Certains patients très calmes, ne pipent mot, tandis que d’autres échangent à voix basse, affichant l’air soucieux ou pensif.

Après plus de quarante minutes d’attente, une infirmière de garde, sort, se tenant devant le portail de la salle de soins, annonce aux patients que «le médecin qui devrait s’occuper d’eux, n’est pas disponible».

Presqu’en cœur, les patients fulminent : «c’est souvent comme ça ces derniers temps dans vos services». L’un après l’autre, ils se dispersent, désespérés.

L’Etat tchadien prend en charge gratuitement la distribution des ARV. Mais, depuis que la crise est passée par là, les patients observent un changement. Ils dénoncent un manque des comprimés pour les maladies opportunistes qu’on leur donne pour accompagner les ARV.

Au quartier Chagoua, dans la commune du 6è arrondissement, l’hôpital géré par les catholiques prend en charge 2352 malades du Vih/sida.

Une infirmière confie à APA que de nombreux malades ont abandonné leur traitement depuis janvier et d’autres ne respectent pas les rendez-vous pour chercher leurs médicaments, expliquant que cette situation est due parfois au retard et au manque des produits qui décourage les intéressés.

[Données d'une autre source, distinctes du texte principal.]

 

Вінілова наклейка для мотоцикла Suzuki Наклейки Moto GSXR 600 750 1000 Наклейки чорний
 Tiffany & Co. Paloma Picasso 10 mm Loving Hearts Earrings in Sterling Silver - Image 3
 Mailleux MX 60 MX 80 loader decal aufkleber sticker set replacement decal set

Au district sanitaire de N’Djaména Centre appelé hôpital Sultan Kasser, au total 1105 malades suivent leur traitement mais d’après le surveillant de ce centre hospitalier, M. Balanga Delguesse, par ailleurs responsable de la prise en charge pour les maladies chroniques, de nombreuses femmes ont abandonné leur traitement.

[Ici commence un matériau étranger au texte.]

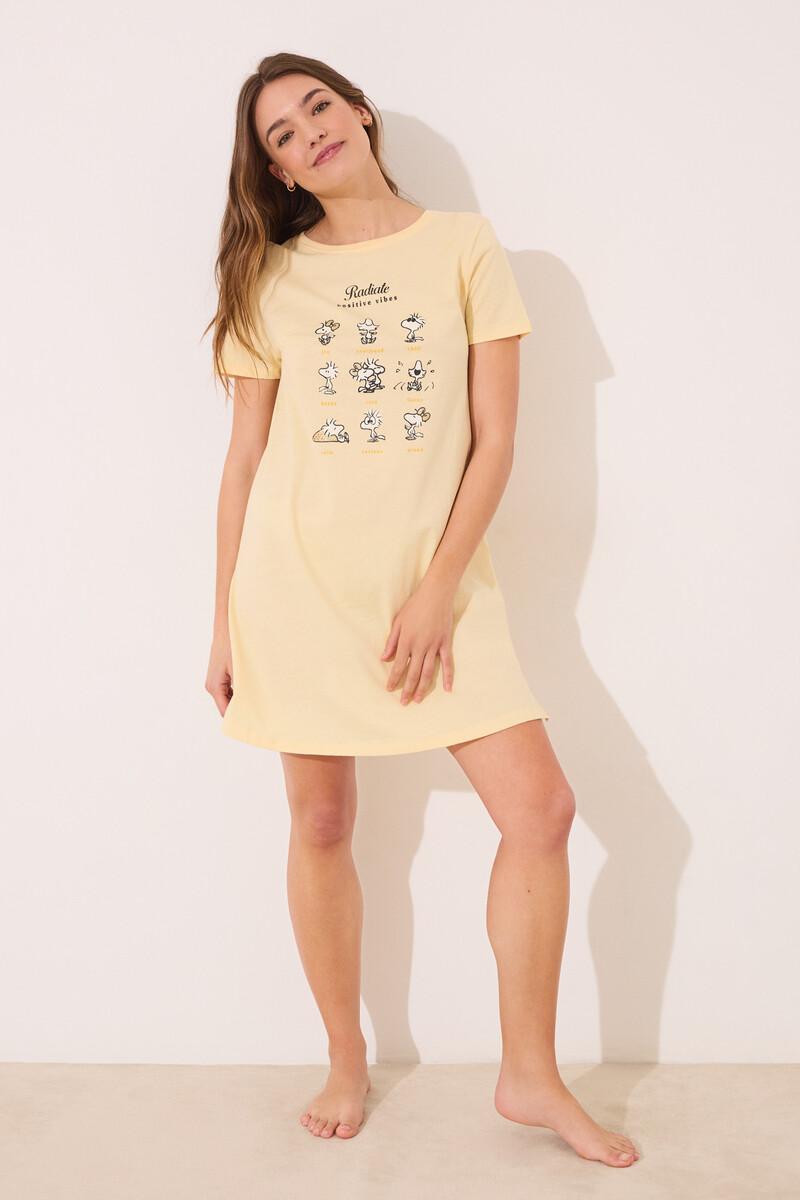 women'secret Camisón corto algodón Snoopy
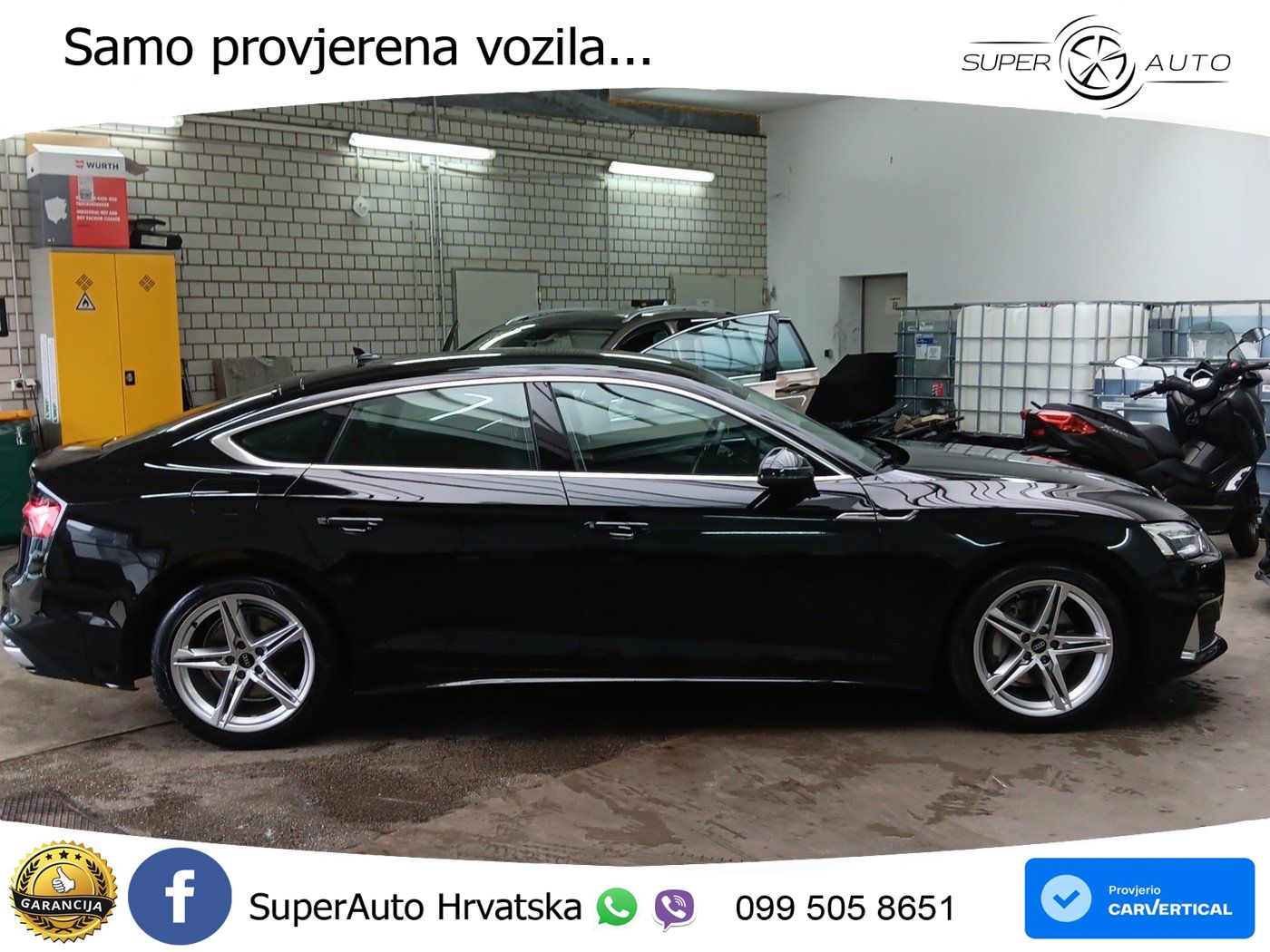 Audi A5 Sportback  40 TFSI (204 KS) S tronic advanced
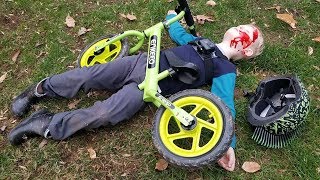 Epic Bike Crash  Tommys balance bike FAIL [upl. by Dwayne]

Cet abandon selon M. Balanga, fait baisser le taux de CD4 jusqu’à 108 ,106 chez certaines femmes. A ce stade, dit-il, le patient a de l’anémie donc difficile de remonter son taux de CD4.

Les lymphocytes T4 ou CD4 sont les cellules immunitaires chargées d'organiser la réaction à une infection. Ce sont eux qui sont attaqués et détruits par le VIH.

M. Balanga indique que le taux de CD4 doit rester à 500 et à ce niveau, précise-t-il, le malade se porte bien parce que le rendez-vous pour la prise de ses médicaments est respecté.

«Les femmes ont honte de prendre leurs médicaments. Elles cachent les ARV et autres médicaments qu’on leur donne dans des plastiques et refusent d’en prendre d’où la baisse du CD4 » déplore M. Balanga Delguesse.

Mais, certains patients regrettent que, dans certains hôpitaux, c’est l’appareil pour le CD4 qui est en panne. Dans ce cas, les malades sont transférés à l’hôpital général de référence nationale (HGRN), pourtant, dans cet hôpital, les médecins refusent de prendre en charge les malades transférés.

En plus des difficultés liées au CD4, parfois les malades évoquent de rupture de certaines molécules ARV dans les hôpitaux.

Le chargé de la Planification et de l’Information stratégique au Conseil national de lutte contre le sida (CNLS), M. Hayangou Danguigué Sanatcho, déclare que les ARV sont disponibles mais étant donné qu’ils sont gratuits, les hôpitaux ne viennent pas les chercher et préfèrent des médicaments qu’elles peuvent vendre.

M. Sanatcho se réjouit que, certains hôpitaux utilisent les appareils à charge virale à la place des CD4 pour détecter le taux de virus chez le patient.

Seulement, reconnait M. Sanatcho, la crise économique a eu des répercussions sur les activités du Conseil national de lutte contre le sida.

Le gouvernement tchadien est appuyé dans la prise en charge des malades du VIH/sida par le Fonds mondial à hauteur de 30% sur le coût global du traitement. Mais, M. Sanatcho, constate que, les activités sont depuis quelques temps trop timides.

Le taux de prévalence du VIH/sida au Tchad est de 1,6% en 2016 selon les données du Conseil national de lutte contre le sida (CNLS) et le Programme sectoriel de lutte contre le sida (PSLS).

Par rapport aux précédentes années, il y a une légère baisse du taux de prévalence de la maladie qui était de 3,3%.

Au total 110 000 personnes sont porteuses de la maladie au Tchad dont 47 844 sont sous traitement ARV.

Le nombre global des femmes infectées est de 30 880 et les enfants de moins de 15 ans sont au nombre de 1542 qui sont sous ARV sur l’ensemble du territoire national.